On comprendrait cette observation si elle venait de M. de Nesselrode ou du prince de Metternich ; mais lord Palmerston, ministre d’un gouvernement constitutionnel, savait fort bien que le roi Louis-Philippe ne pouvait donner d’ordre au comte Sébastiani que par l’intermédiaire du ministre responsable, et il suffisait que le maréchal Soult, consulté par M. Bulwer sur cette proposition, eût répondu qu’il n’avait pas autorisé M. Sébastiani à la faire[1], pour que lord Palmerston dût la considérer comme non avenue.

Au surplus, lord Palmerston déclare lui-même que l’insinuation de M. Sébastiani ne fut pas admise par le gouvernement britannique. Quel argument veut-il donc en tirer ? Si l’Angleterre avait jugé la proposition du général admissible, on concevrait qu’elle reprochât à la France d’avoir retiré une ouverture conciliante aussitôt après l’avoir présentée ; mais le refus immédiat de lord Palmerston nous dispense d’examiner si l’ambassadeur français a fait réellement cette ouverture, et s’il avait le droit de la faire, car s’il l’avait faite, tout ce que l’on pourrait induire de ce qui a suivi, c’est que l’Angleterre s’est montrée, dans ces négociations, encore moins raisonnable qu’on ne l’avait supposé.

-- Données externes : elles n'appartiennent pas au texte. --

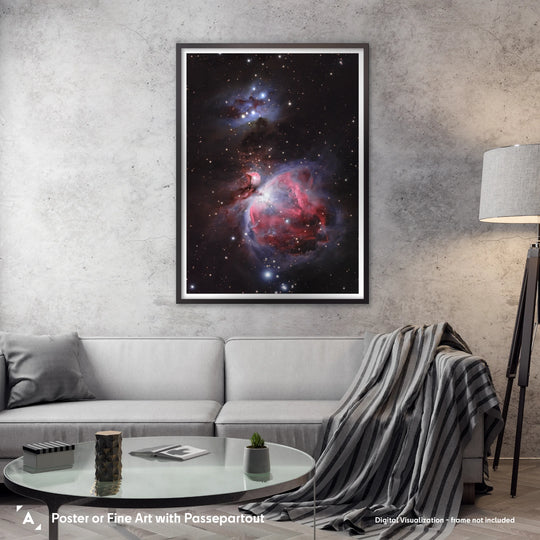 Lionel Majzik: The Great Orion Nebula M42 Poster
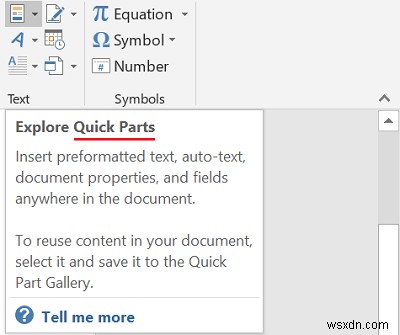 Cách sử dụng Phần nhanh để dán văn bản từ Microsoft Word sang Outlook 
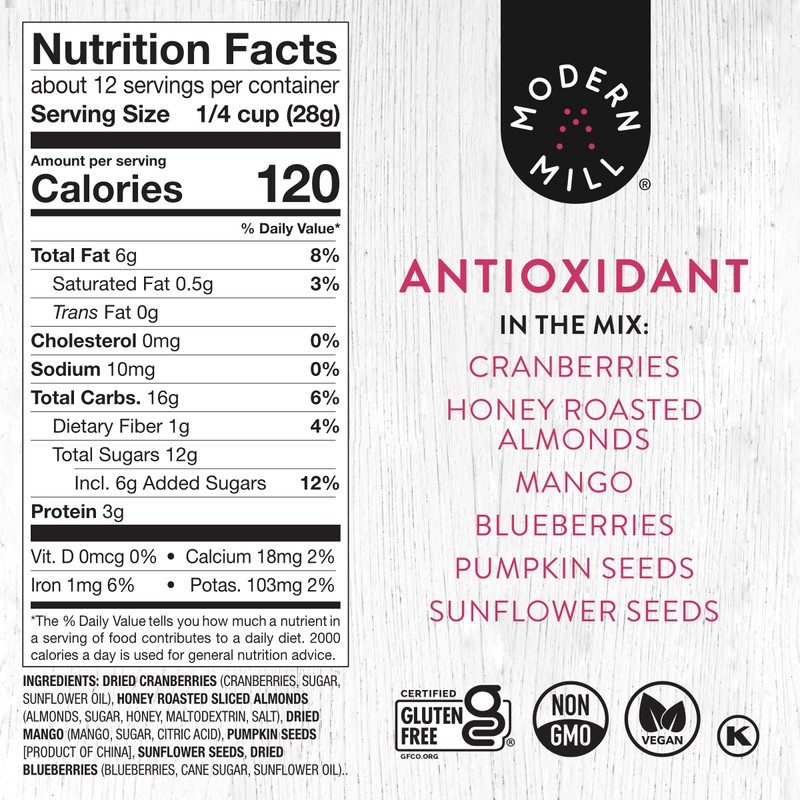 Modern Mill Antioxidant Salad Topper By Gourmet Nut - Mixed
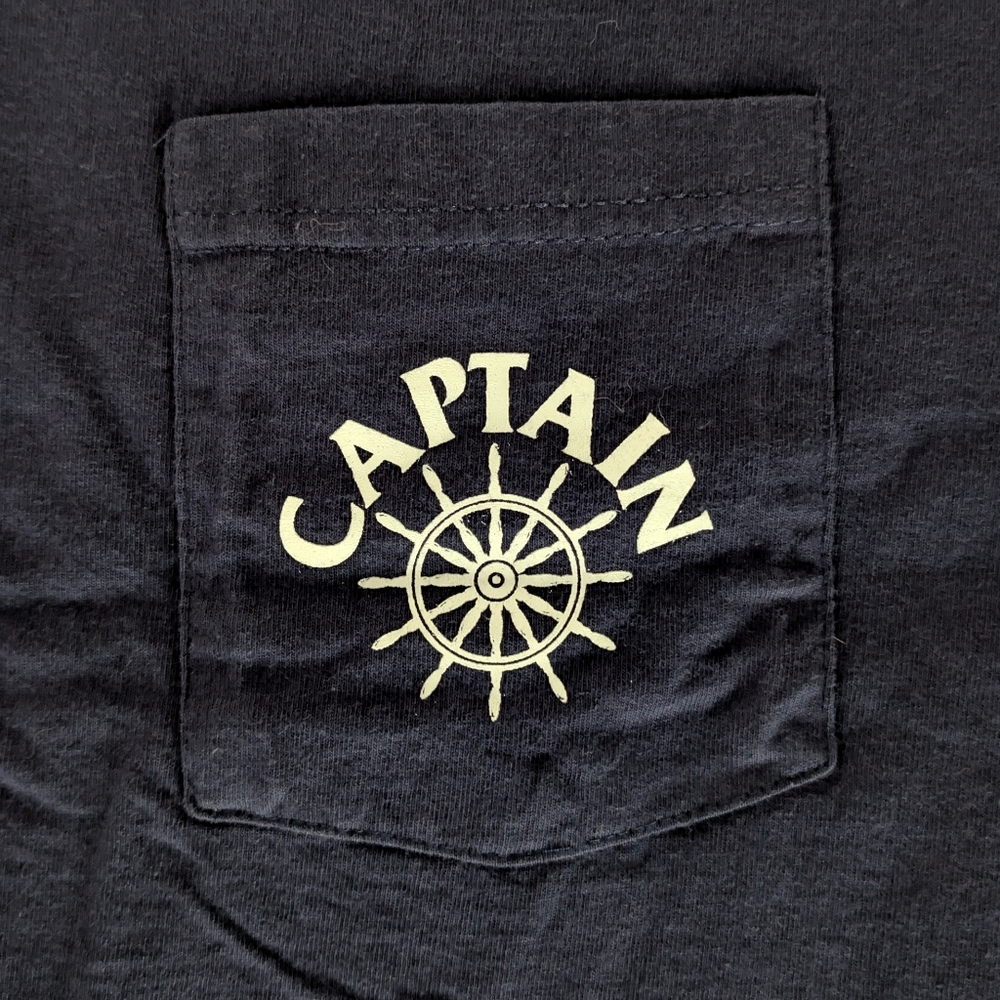 Navy Blue Captain T-Shirt - Picture 2 of 3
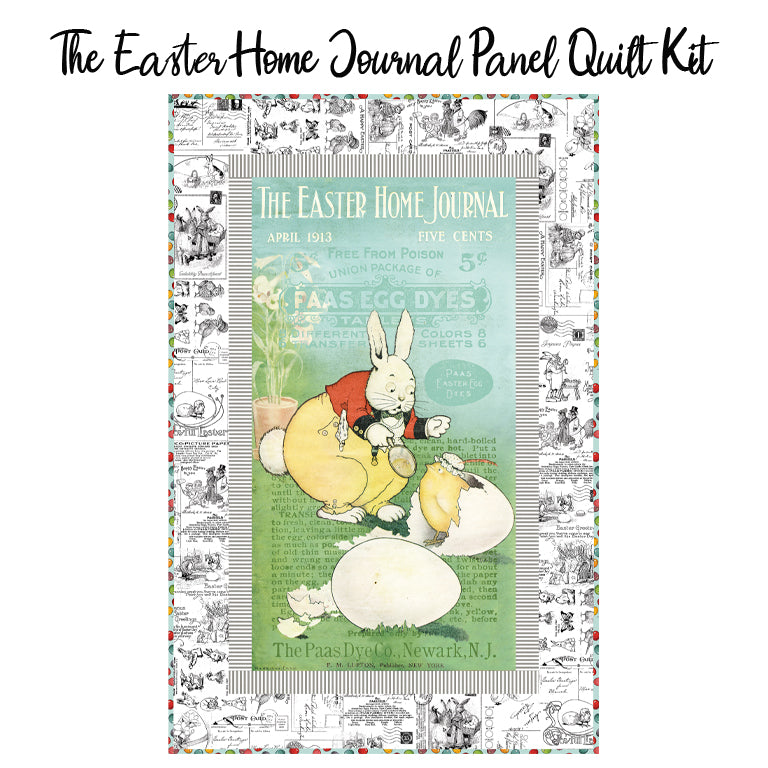 The Easter Home Journal Panel Quilt Kit with Egg Hunt from Riley Blake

M. Thiers a dit avec raison que, s’il y avait un moment où la France pût accéder aux propositions de l’Angleterre, c’était celui où l’Angleterre venait, sur ses instances, de repousser les ouvertures de la Russie. Mais il faut avouer en même temps que le gouvernement anglais ne fit pas assez pour rendre cet accord possible. La Russie elle-même l’a reconnu. On trouve en effet dans une dépêche de lord Clanricarde à lord Palmerston, à la date du 24 février 1841 : « Le comte Nesselrode m’a fait observer dans la conversation qu’il serait bien difficile d’insister sur la restitution de la forteresse d’Acre au sultan, et j’ai répondu que mon opinion personnelle était que votre seigneurie pourrait la laisser à Méhémet-Ali, si l’on obtenait, à ce prix, la coopération de la France. » Faut-il rappeler comment lord Palmerston a

  1. Voir les dépêches de M. Bulwer à lord Palmerston, du 4 et du 7 octobre 1839.